- Born: 21 July 1953 (age 73)
- Other names: Yuka Hatta (八田 有加, Hatta Yuka)
- Occupation: Actress
- Spouse: Kōichi Tabuchi
- Children: Yūshō Tabuchi

= Janet Hatta =

Japanese actress

Janet Hatta (ジャネット八田) is an actress.

==Biography==
Her mother is Japanese and her father is an American. After working as a stewardess for Japan Airlines, she entered acting. She briefly used the name Yuka Hatta (八田 有加, Hatta Yuka). In 1981, she married Kōichi Tabuchi, who at that time played baseball for the Seibu Lions and retired from acting. The couple later appeared in commercials for Sakuracolor (a predecessor of Konica Minolta). They have a son, Yūshō Tabuchi, who is an announcer for Fuji Television.

==Appearances==
On television, Hatta was a regular character in various jidaigeki. In Yaburegasa Tōshū Akuningari, starring Kinnosuke Yorozuya, she appeared in episodes 1–83 as the character Muttsuri Oryū. In Edo o Kiru (Part III) with Teruhiko Saigō she portrayed Okyō. With Masakazu Tamura, she appeared in Wakasamazamurai Torimonochō, as Okon. She made guest appearances in Kozure Ōkami, Abarenbo Shogun and numerous other series.
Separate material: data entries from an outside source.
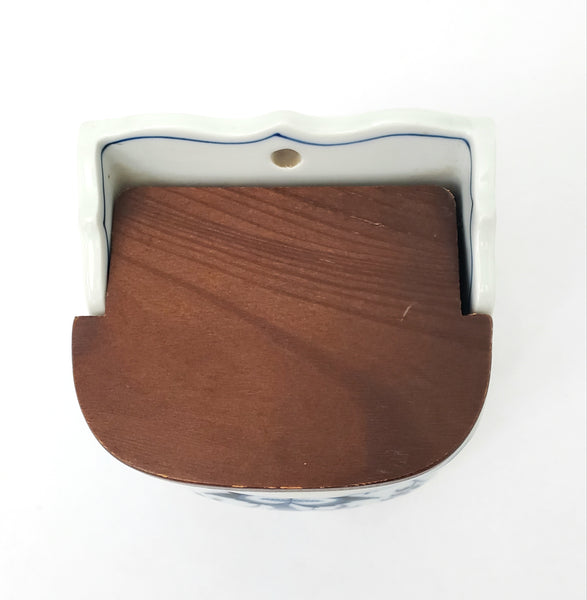 Vintage BLUE DANUBE Porcelain Salt Box Wooden Lid Script Ribbon Banner Mark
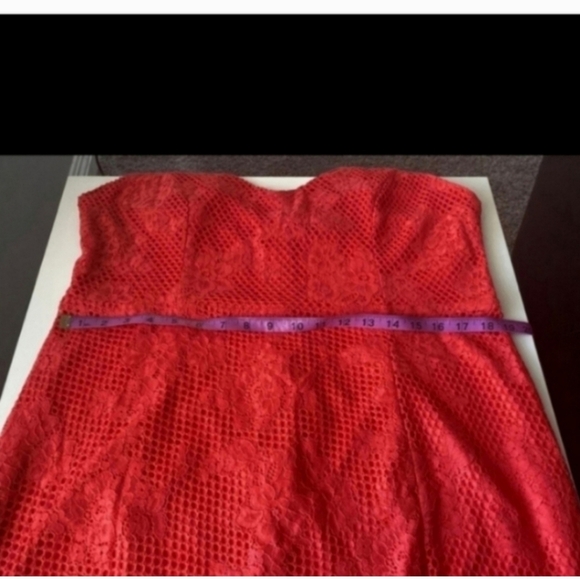 NWT FOREVER 21 GORGEOUS NEON CORAL LACE DRESS 2X - Picture 4 of 6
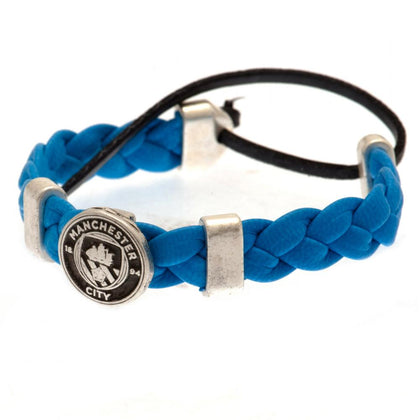 Manchester City FC Stainless Steel PU Slider Bracelet Image 1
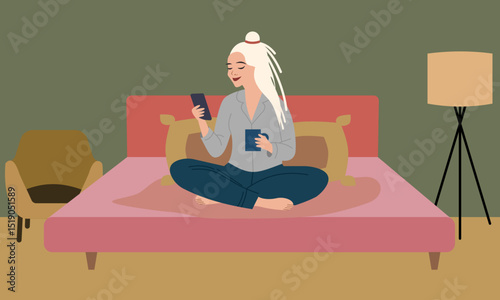Young blonde woman checking the news upon waking up while drinking coffee in bed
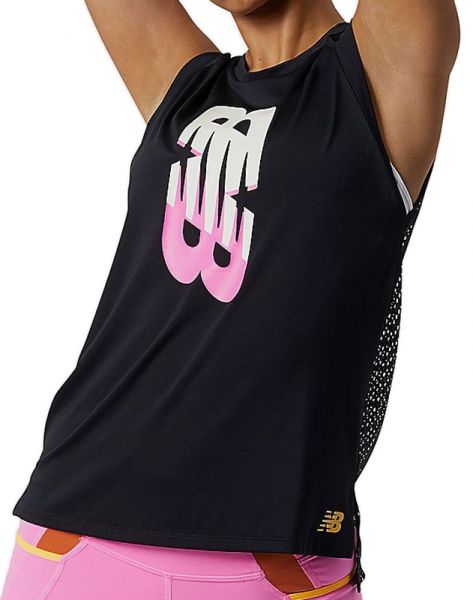 Naiste tennisetopp New Balance Relentless Fashion Sweat Tank - black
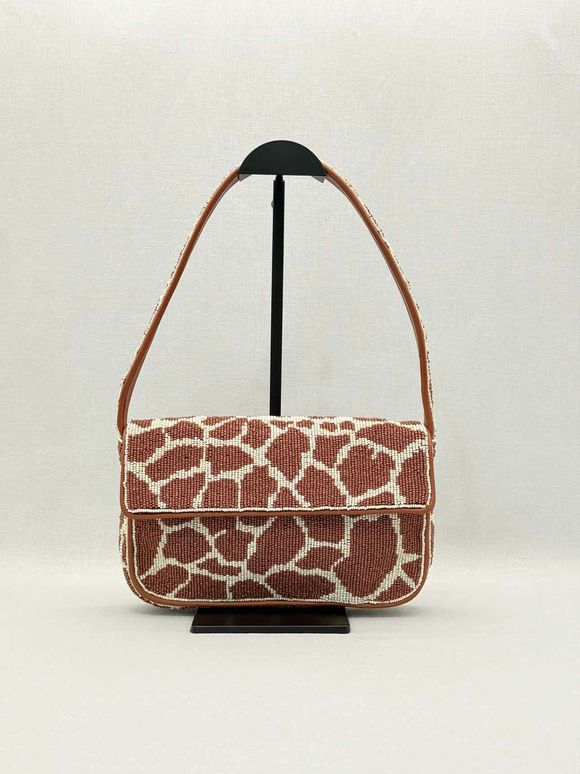 STAUD Tommy Brown & Beige Giraffe Print Shoulder Bag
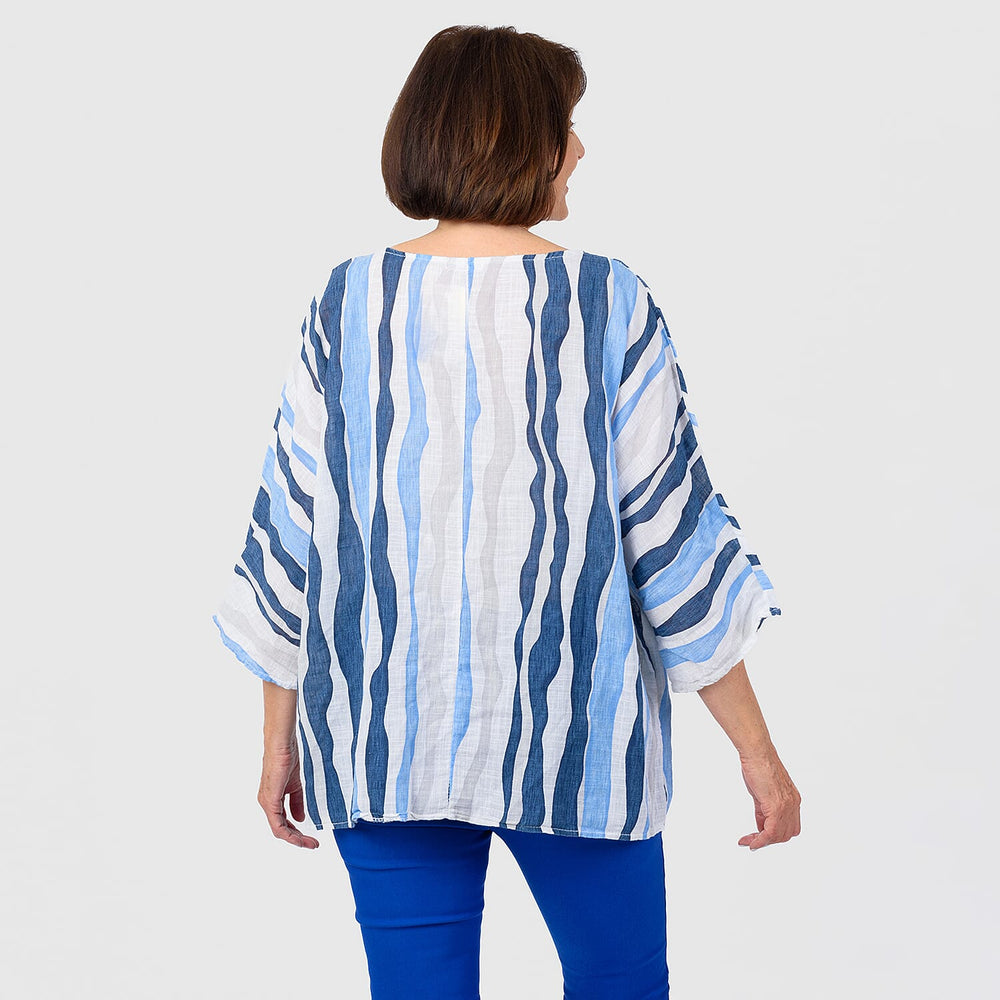 Mudflower 100% Cotton Abstract Stripe Pattern Top (One Size) - Blue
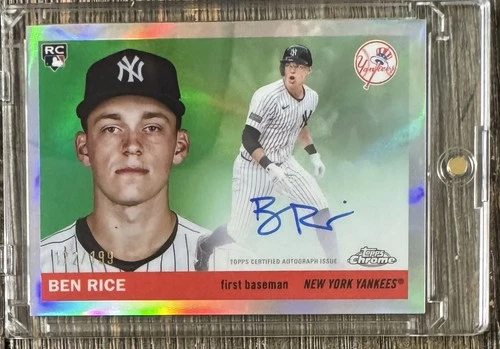 2025 Topps Chrome Platinum Ben Rice Refractor Auto RC SN 172/199 - Yankees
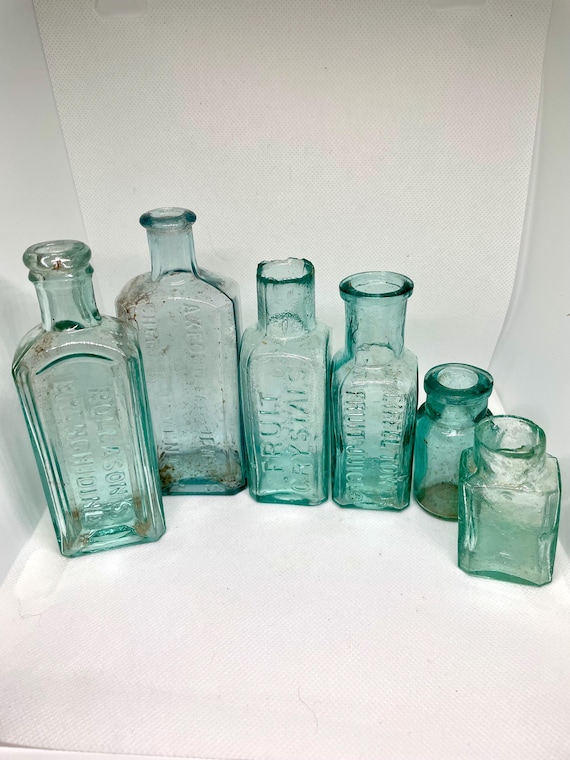 Vintage Antique Apothecary Bottle | Victorian Aqua / Blue Colored Glass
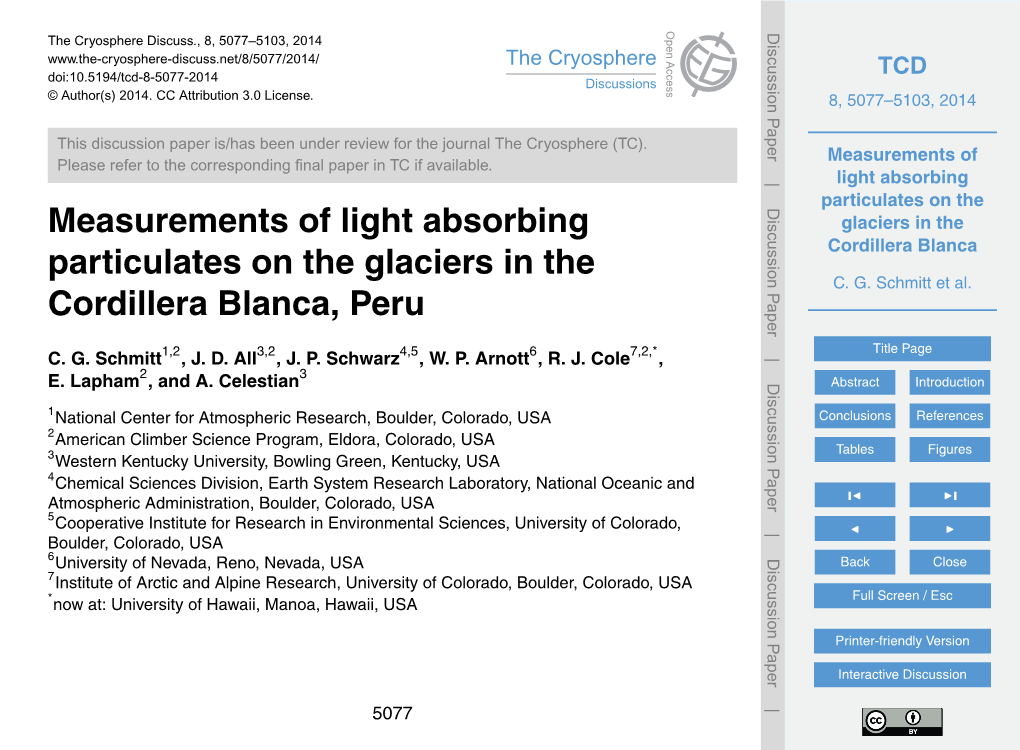 Measurements of Light Absorbing Particulates on the Glaciers in the Cordillera Blanca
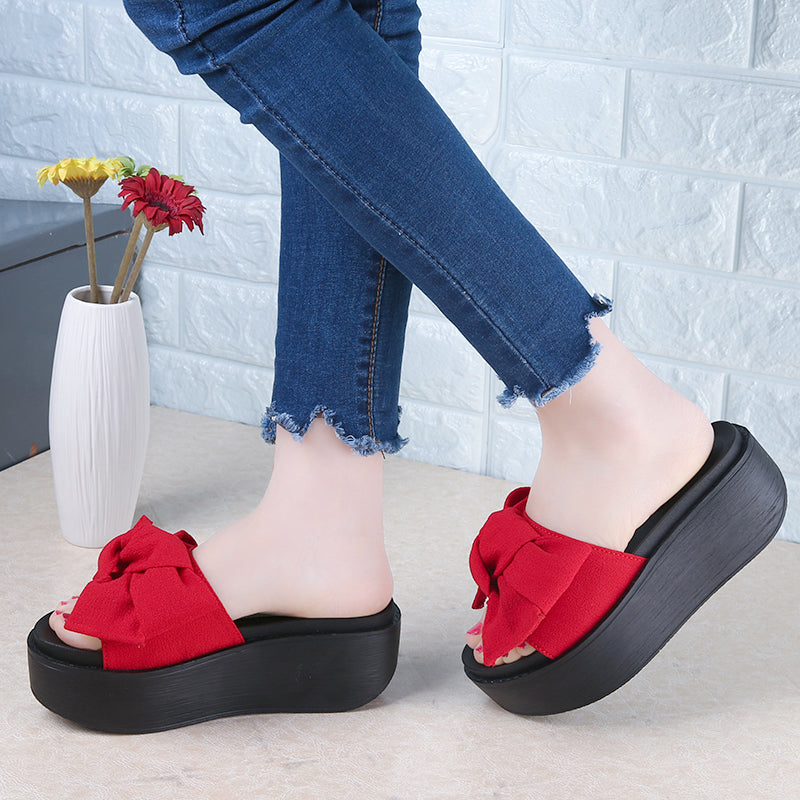 Women's Big Bowtie Platform Beach Sandals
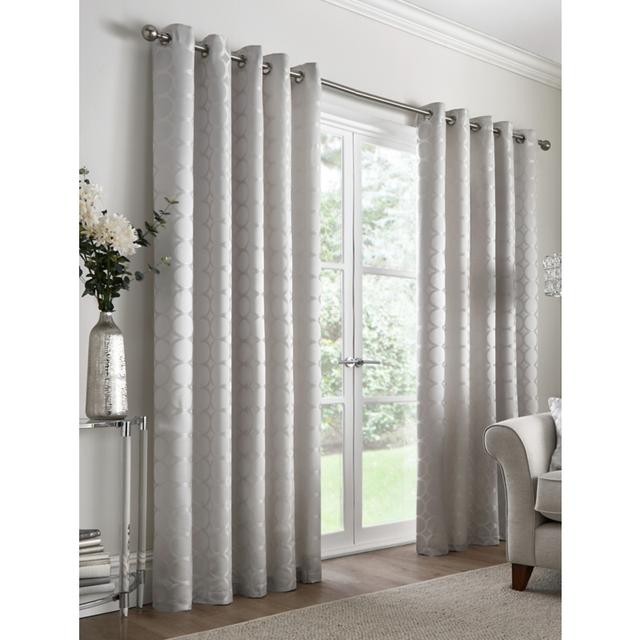 Appletree Boutique Cassina Jacquard Pair of Eyelet Curtains in Silver on Productcaster.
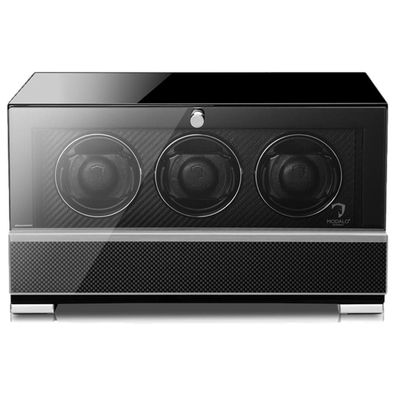 Modalo - 3303 885S - Uhrenbeweger für 3 Uhren - Clasico Premium Hochglanz Carbon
She also appeared in contemporary dramas. Among them was Supergirl, with Yōko Nogiwa, in which her character was in episodes 1–25. She was a regular in the NHK "Ginga Terebi Shōsetsu" Katei Sensō (1975) and Seishun Gigashū (1981, with Takeshi Kaga). She had guest roles in G-Men '75 with Tetsurō Tamba and Tokusō Saizensen, among others.

Highlights of Hatta's film career include the Kinji Fukasaku film Doberman Detective with Sonny Chiba and Ningen no shōmei with Yūsaku Matsuda (directed by Junya Sato).